▶ [Provided material]

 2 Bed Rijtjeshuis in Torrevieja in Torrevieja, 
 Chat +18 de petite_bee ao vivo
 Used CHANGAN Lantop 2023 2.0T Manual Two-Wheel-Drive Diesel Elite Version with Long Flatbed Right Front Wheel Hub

▶ [What this task involves] The full data, transcribed without change, is the expected answer.

▶ [Solved problem]
 2 Bed Rijtjeshuis in Torrevieja in Torrevieja, 
 Chat +18 de petite_bee ao vivo
 Used CHANGAN Lantop 2023 2.0T Manual Two-Wheel-Drive Diesel Elite Version with Long Flatbed Right Front Wheel Hub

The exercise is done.